◆ INPUT DATA ◆
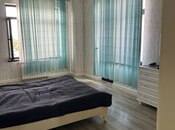 Сдаётся 2-комн. новостройка 100 м², м. Дернегюль, photo 3 from 7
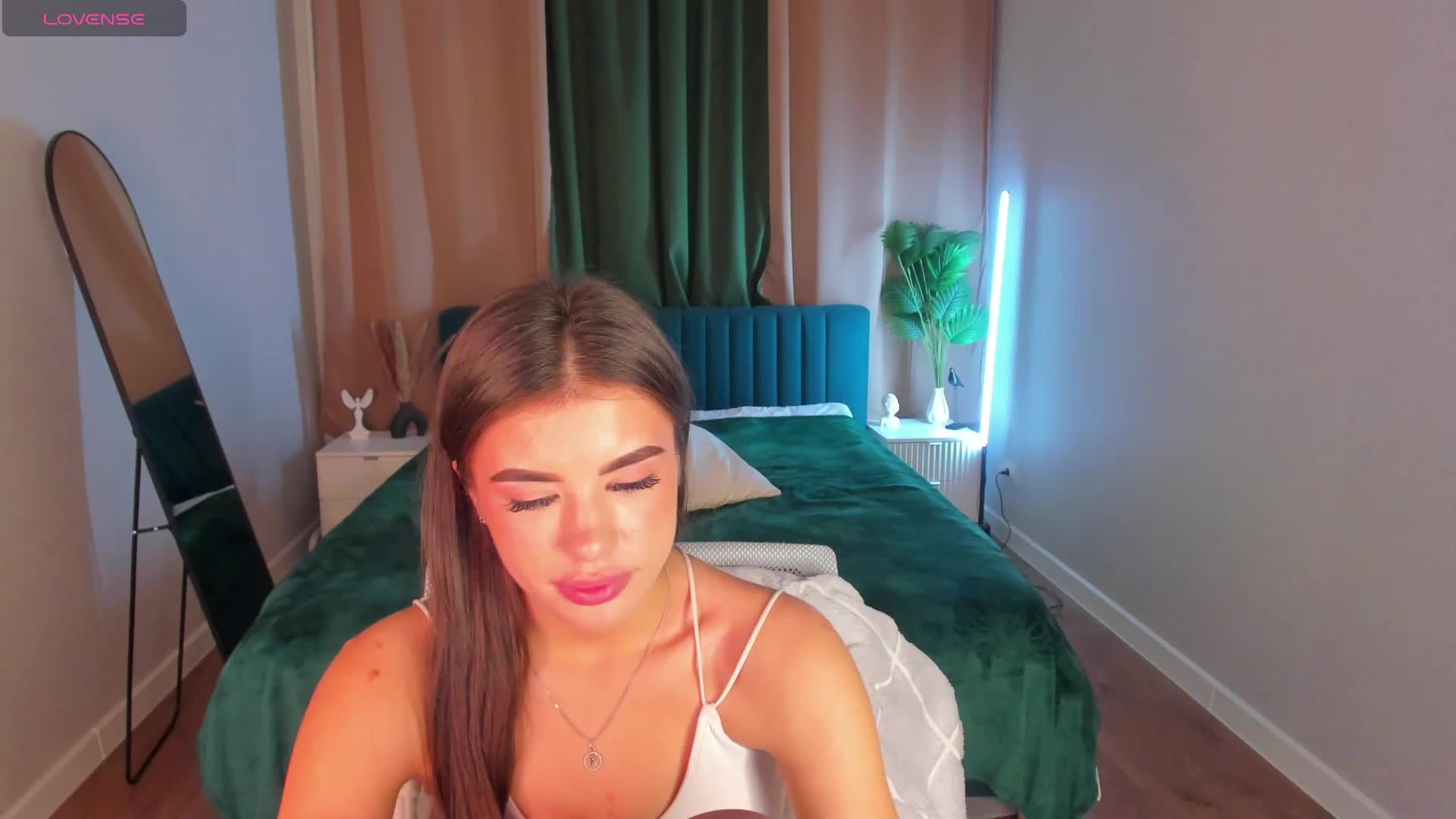 Alisha-Blakee Приват Записи 2026-09-02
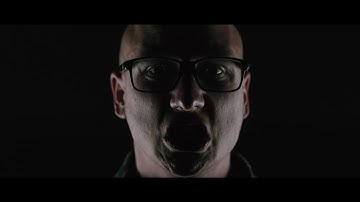 PROJECT XY - False Salvation (Official Music Video) [CORE COMMUNITY PREMIERE]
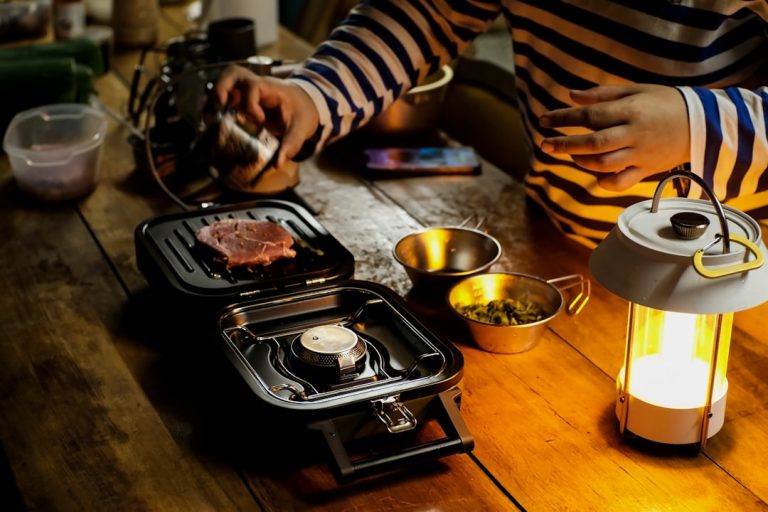 Algae cooking oil: smart upgrade or just another kitchen trend?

◆ TASK TO COMPLETE ◆
Please print the data above once more, exactly and without images.

◆ SOLUTION BELOW ◆
 Сдаётся 2-комн. новостройка 100 м², м. Дернегюль, photo 3 from 7
 Alisha-Blakee Приват Записи 2026-09-02
 PROJECT XY - False Salvation (Official Music Video) [CORE COMMUNITY PREMIERE]
 Algae cooking oil: smart upgrade or just another kitchen trend?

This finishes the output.